4.2.8. – Un discorso a parte merita, ovviamente, la questione relativa alla prova dell’esistenza di abuso di diritto nella transazione di cui si discute. Qui si deve, innanzitutto, escludere che l’iscrizione in contabilità delle passività trasferite in occasione della cessione d’azienda o di ramo d’azienda le renda, ipso jure (ex articolo 51, 4° co., D.P.R. n. 131/1986) deducibili dalla base imponibile, con la sola eccezione che l’amministrazione ne provi il difetto totale o parziale d’inerenza. In realtà, per quanto sopra si è affermato, sussiste un’altra possibile eccezione, basata sulla prova che esse hanno, soltanto o essenzialmente, “lo scopo di abbassare fittiziamente il valore dell’imponibile” (secondo l’espressione della difesa erariale).

4.2.9. – È autoevidente, però, che “La prova sia del disegno elusivo sia delle modalità di manipolazione e di alterazione degli schemi negoziali classici, considerati come irragionevoli in una normale logica di mercato e perseguiti solo per pervenire a quel risultato fiscale, incombe sull’Amministrazione finanziaria, mentre grava sul contribuente l’onere di allegare la esistenza di ragioni economiche alternative o concorrenti di reale spessore che giustifichino operazioni in quel modo strutturate” (Cass. n. 1465/2009, già cit.; analogamente, Cass. nn. 25374/2008, 10257/2008).

Soprattutto, la prova del ravvisato intento elusivo deve essere fornita dall’amministrazione fiscale, e deve essere analizzata dal giudice tributario, con precisione e rigore; tanto più quando si tratti di trasferimenti di passività (o di ricchezze) fra società partecipi dello stesso gruppo e, come nel caso in esame, della scelta operata dalla capogruppo – a monte della transazione di cui ci si occupa – “di attribuire ad una propria organizzazione stabile in Italia una quota di costi… da essa sopportati, anche se a quei costi non corrispondano ricavi realizzati dall’organizzazione stabile in questione” (Cass. n. 10062/2000, seguita da Cass. n. 1133/2001).

4.2.10. – Con riferimento specifico al caso concreto, si deve ammettere che la commissione regionale ha tratto dallo “intreccio d’operazioni aventi per oggetto i finanziamenti” in parola, analiticamente e coerentemente esaminato attraverso la documentazione disponibile, il convincimento di trovarsi in presenza di “presunzioni gravi, precise e concordanti” circa la mancanza di valide ragioni economiche per l’inserimento in contabilità e la successiva cessione di dette passività finanziarie; e circa il fatto che tale operazione corrispondeva, invece, ad un “preordinato intento elusivo attuato al fine di sottrarre imponibilità fiscale”.
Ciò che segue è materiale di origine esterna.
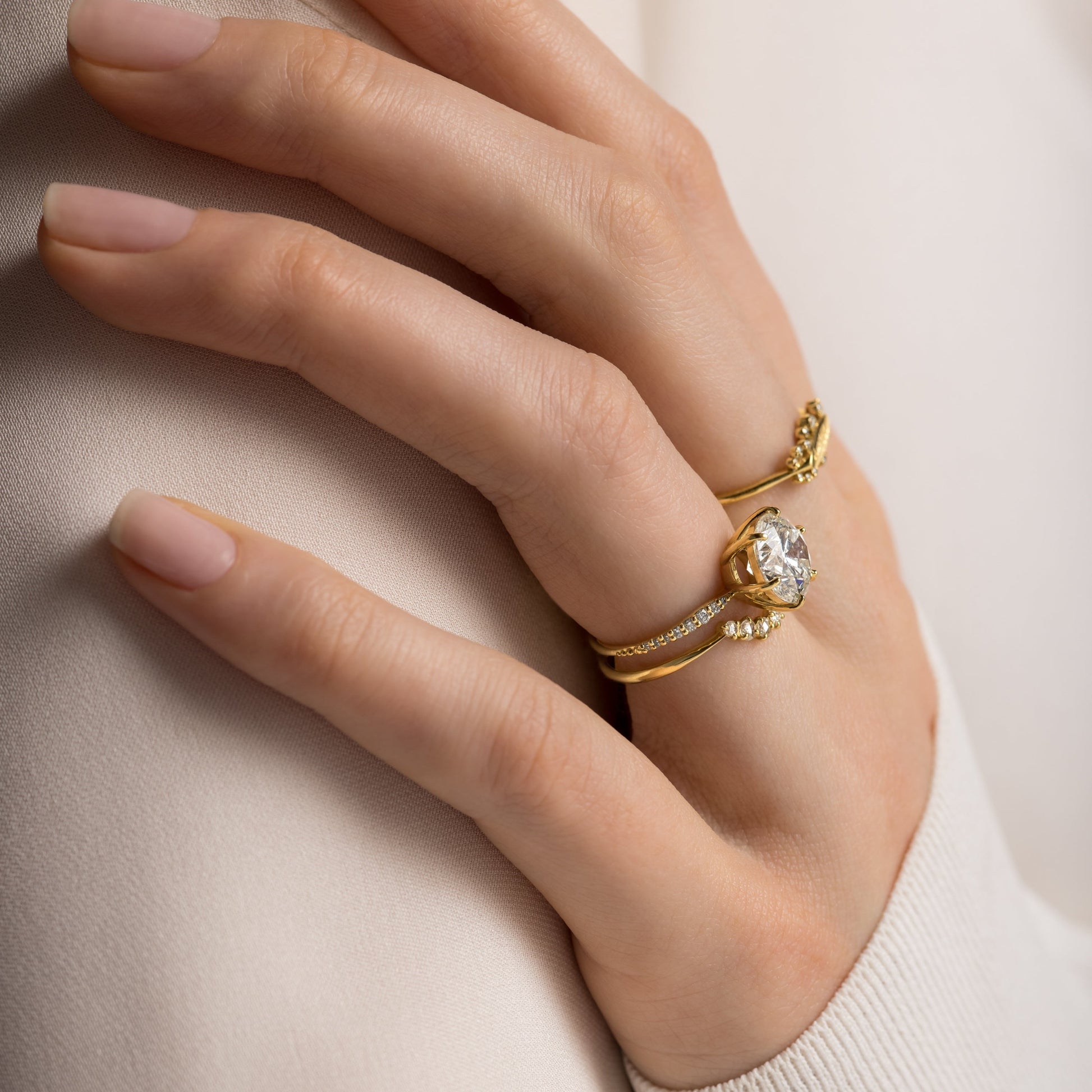 Pave-Round Lab Grown Diamond Engagement Ring - Lifestyle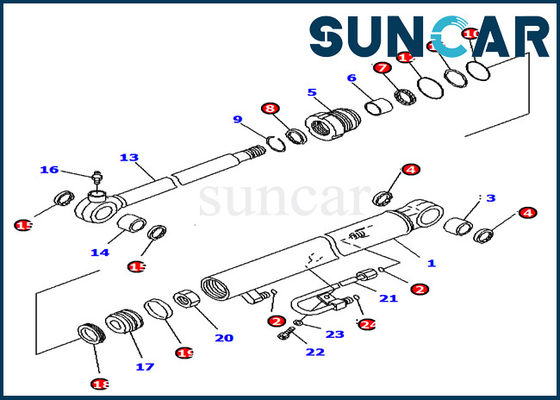 kaufen 707-98-04700 Bagger Inner Service Kit Eimer-Rollsiegel-Kit Komatsus PC18MR-2 PC14R-3 online manufacture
Si tratta dunque di un giudizio di fatto, conseguente all’indagine documentale ed alla valutazione complessiva delle circostanze di causa, sul quale il giudice di legittimità – in mancanza di puntuali contestazioni dell’iter logico della motivazione o di prove evidenti dell’esistenza di ragioni economiche incompatibili con la finalità elusiva, relative alle modalità del riparto infra-gruppo dell’onere da finanziamento – non ha potere di sindacato.

4.3. – Il quarto motivo di censura (par. 2.1.4) è fondato.

In effetti, la sentenza impugnata non reca alcuna motivazione per il rigetto (implicito) della domanda di disapplicazione delle sanzioni; domanda da ritenere fondata, in presenza di obiettive condizioni d’incertezza sulla portata della norma sanzionatoria, nel cui ambito di applicazione è riconducibile la violazione di un principio di ordine generale, come l’abuso di diritto.

P.Q.M.

La Corte di Cassazione accoglie il quarto motivo di ricorso, rigetta i primi tre motivi; cassa la sentenza impugnata in relazione al motivo accolto e, decidendo nel merito, dichiara non dovute le sanzioni applicate. Compensa integralmente fra le parti le spese dell’intero giudizio.